Bruno-val-bus / student-helper

0 stars 0 forks source link

The ReadingEvaluator should use an Audio2TextConverter class. What is the behaviour of this class? -> proposal simply take in an audio file and return string-timestamp-pair. We need 2 new .py files in the services module: converters.py, converters_factory.py @ernOho #17

Open ernOho opened 3 months ago

ernOho commented 3 months ago
Bruno-val-bus commented 2 months ago

Here are our known classes: image The corresponding evaluator class would be responsible for passing the Recordingobject to the new Audio2TextConverter implementation (green) and call its convert method. Then fetch again the Recording object, fetch self.recording.texts_timestamps and use it in it's evaluate method we have already implemented. For reference here is the Recording class (s. ./app/models/pydantic/sessions.py): image

I am assuming 1 Recording object corresponds to one speaker (student). If we want to diarize beforehand to recognize different speakers, we should do it before passing the Recordingobject to the new Audio2TextConverter at a higher level and assign the diarized file to recording.audio_segments_paths

Here are the new proposed class Audio2TextConverter and its dependencies/implementations: image

Here are some proposed functionalities (more or less pseudo-code).

For Audio2TextConverter:

def _recording_is_diarized():
  if self.recording.audio_segments_paths is not None:
    return True
  return False

For SingleFileDiarization:

def diarize(origin_audio_file_path: str) -> list[str]:
  # produce "diarized" files and return their paths
  diarized_audio_paths: list[str] = [origin_audio_file_path]
  return diarized_audio_paths

For MultiFileDiarization:

def diarize(origin_audio_file_path: str) -> list[str]:
  # produce "diarized" files and return their paths
  diarized_audio_paths: list[str] = # use diarization tool 
  return diarized_audio_paths

Audio2DiarizedSegments or Audio2TimestampedSegments are the ones we would use for the ReadingEvaluator (s. first image). Note the Transcription and Diarization classes each one uses to produce the desired outpu which will be saved in self.recording.texts_timestamps for later use int the evaluator classes.
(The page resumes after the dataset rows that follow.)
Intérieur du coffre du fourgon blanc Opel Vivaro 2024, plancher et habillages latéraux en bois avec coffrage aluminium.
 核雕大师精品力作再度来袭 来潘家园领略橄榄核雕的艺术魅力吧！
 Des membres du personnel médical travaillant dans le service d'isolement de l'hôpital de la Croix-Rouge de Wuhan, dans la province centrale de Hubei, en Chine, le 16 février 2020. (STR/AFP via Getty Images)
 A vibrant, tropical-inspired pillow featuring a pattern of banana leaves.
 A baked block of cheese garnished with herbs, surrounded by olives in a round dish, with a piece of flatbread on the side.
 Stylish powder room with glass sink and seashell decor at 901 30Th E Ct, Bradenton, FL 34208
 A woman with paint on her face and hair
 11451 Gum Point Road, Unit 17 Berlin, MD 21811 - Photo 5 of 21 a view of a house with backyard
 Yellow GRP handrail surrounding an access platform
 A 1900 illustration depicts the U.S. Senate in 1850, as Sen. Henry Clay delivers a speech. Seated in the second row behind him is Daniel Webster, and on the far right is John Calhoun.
For Audio2DiarizedSegments the implementation would look somtehing like:

def convert() -> None:
  if  self._recording_is_diarized():
    # produce "diarized" files, return their paths and save them to recording object
    diarized_audios_paths: list[str] = self.diarization_module.diarize(self.recording.audio_file_path)
    self.recording.audio_segments_paths = diarized_audios_paths 

  for path in self.recording.audio_segments_paths:
    # transcribe the diarized paths
    transcribed_audio_timestamps: dict[str: float] = self.transcription_module.transcribe(path)
    transcribed_audio = transcribed_audio_timestamps.keys()[0]
    # maybe extract timestamp from path?
    time_stamp = path 
    # save them to recording object
    self.recording.texts_timestamps.update{transcribed_audio: time_stamp}

Just for reference, Audio2Sentences would need something akin to:

def convert() -> None:
  if  self._recording_is_diarized():
    # produce "diarized" files, return their paths and save them to recording object
    diarized_audios_paths: list[str] = self.diarization_module.diarize(self.recording.audio_file_path)
    self.recording.audio_segments_paths = diarized_audios_paths 

  # transcribe the diarized paths
  for path in self.recording.audio_segments_paths:
    transcribed_audio, time_stamp = self.transcription_module.transcribe(path)
    # some processing to convert the 'transcribed_audio' to sentence and assign corresponding timestamp
    sentence: str = transcribed_audio
    sentence_timestamp: float= time_stamp

   # save them to recording object
    self.recording.texts_timestamps.update{sentence: sentence_timestamp}
Bruno-val-bus commented 2 months ago

The object that I will fetch at the Evaluator level is the texts_timestamps attribute in the Recording object (s. class diagram). That is the purpose of saving the transcription results in self.recording.texts_timestamps.

I am assuming 1 Recordingobject corresponds to one speaker (student).